Menu
Libération
Éditorial

L’Irano-Britannique que Londres laisse croupir à Téhéran

publié le 17 octobre 2016 à 20h21

Mais que fait Boris Johnson ? Depuis plus de six mois, Nazanin Zaghari-Ratcliffe, une Irano-Britannique de 37 ans, croupit dans la prison d’Evin à Téhéran. Début septembre, Nazanin a été condamnée à cinq ans de prison pour des motifs inconnus. La jeune Britannique travaille pour l’organisation caritative Thomson Reuters Foundation, qui n’a aucun lien avec l’Iran.

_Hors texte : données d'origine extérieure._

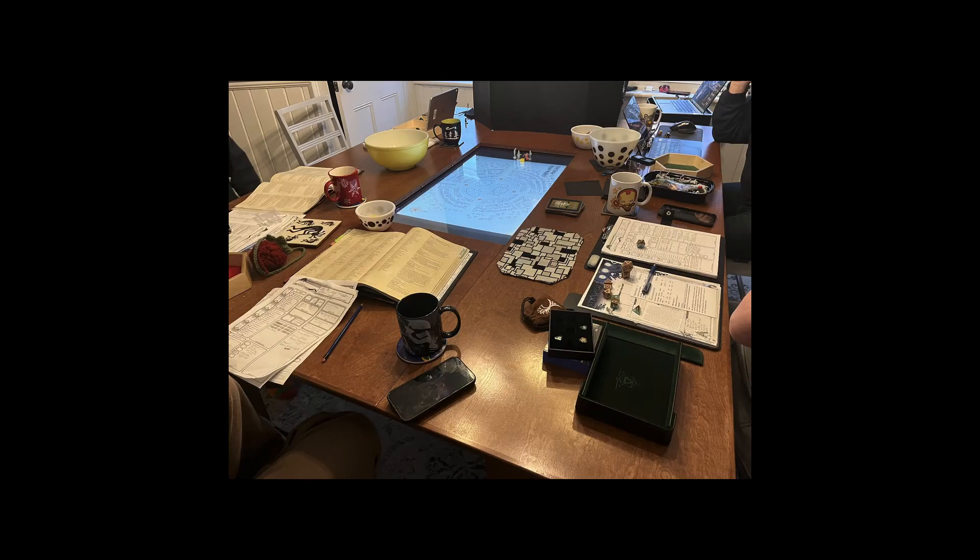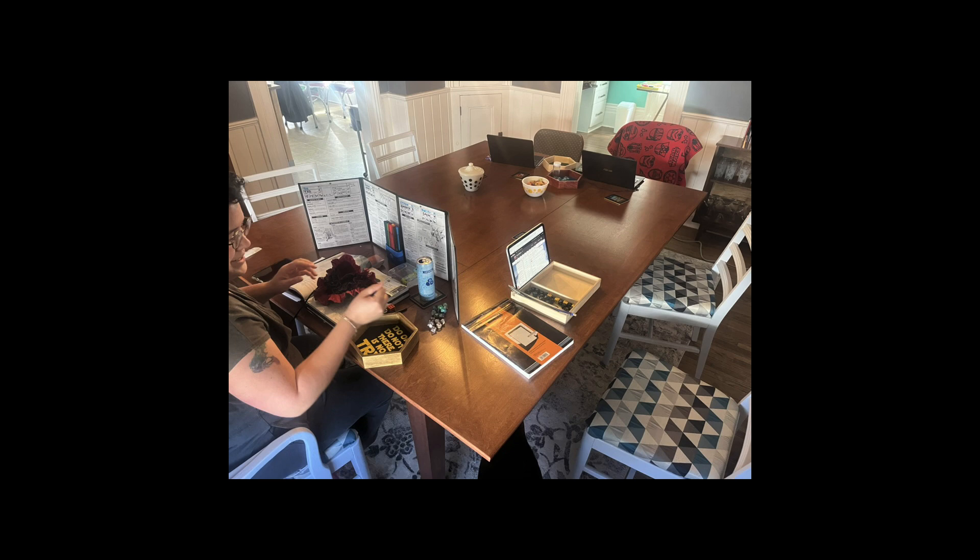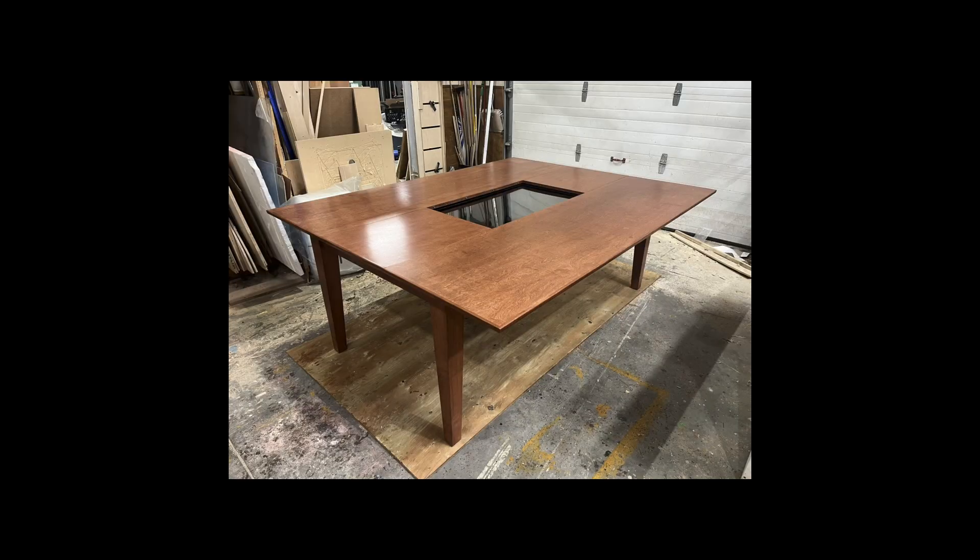The D&D gaming table with the screen in the center of it for maps. If you have it closed, you can play larger board games on it with still room in front of you.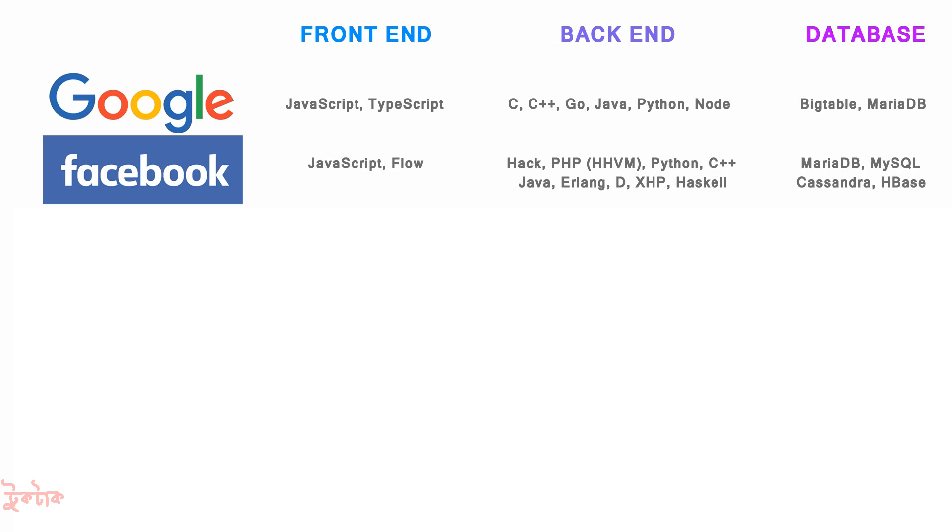For Facebook, the front-end used JavaScript and the back-end used Hack, PHP, Python, C++, Java, Erlang, D, XHP, and Haskell. For database, MariaDB, MySQL, HBase, and Cassandra were used.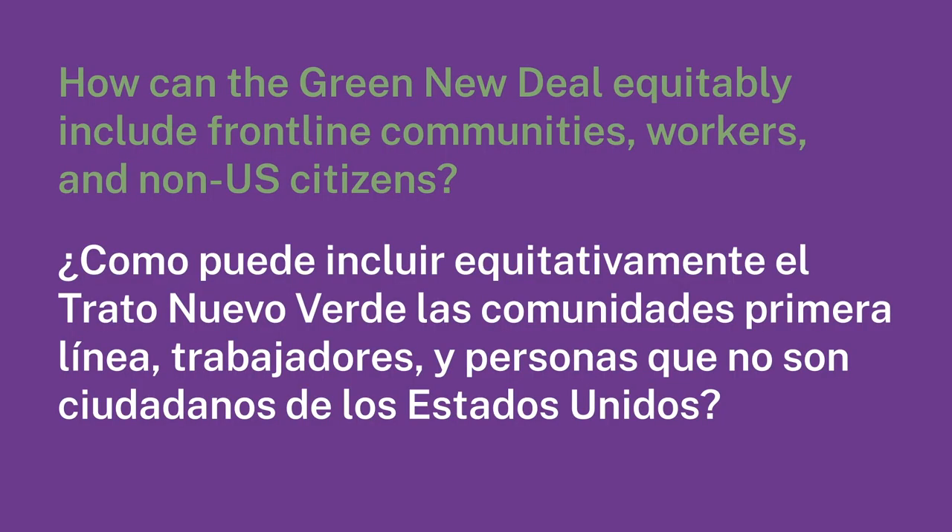How can the Green New Deal equitably include frontline communities, workers, and non-U.S. citizens? This is exactly who the Green New Deal is creating economic opportunities for — it's for the working class of the United States. Because we're rooted in principles of universality, which means no ifs, ands, or buts in terms of who is included in our policy — we include absolutely everyone. In September and October we introduced our Just Society legislation, which is also rooted in principles of universality. Whether it's a federal jobs guarantee or Medicare for all, we are not adding any asterisks. If you are in the United States, you will be part of the prosperity that we're creating together.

Le 3 avril, elle s’apprêtait à rentrer à Londres. A l’aéroport de Téhéran, sa fille Gabriella, 2 ans, lui a été arrachée des bras alors qu’elle était arrêtée. L’enfant, à qui on a enlevé son seul passeport (britannique), vit désormais chez ses grands-parents à Téhéran. Depuis, Richard Ratcliffe, son époux, remue ciel et terre. Il a d’abord suivi les conseils du Foreign Office qui lui suggérait de faire le moins de vagues possibles. Mais six mois plus tard, rien n’a bougé. Nazanin n’a jamais reçu d’assistance consulaire. Elle ne voit sa fille et ses parents qu’au compte-gouttes.

Le Foreign Office se dit «inquiet» de la situation. Mais ce n'est pas suffisant. Boris Johnson n'a «jamais appelé ouvertement à la libération de Nazanin, n'a pas condamné la situation», se désespère Richard Ratcliffe, qui n'a jamais été reçu par le ministre en dépit de ses demandes. Les Nations unies ont, elles, haussé la voix. Leur rapporteur spécial sur la situation des droits de l'homme en Iran, Ahmed Shaheed, a appelé jeudi à la «libération immédiate» de Nazanin Zaghari-Ratcliffe, dont la détention est «arbitraire et injustifiée» après un «procès secret», une «parodie de justice». Il souligne que la santé de Nazanin s'est détériorée en prison. Pourquoi cette tiédeur de la part du Foreign Office ?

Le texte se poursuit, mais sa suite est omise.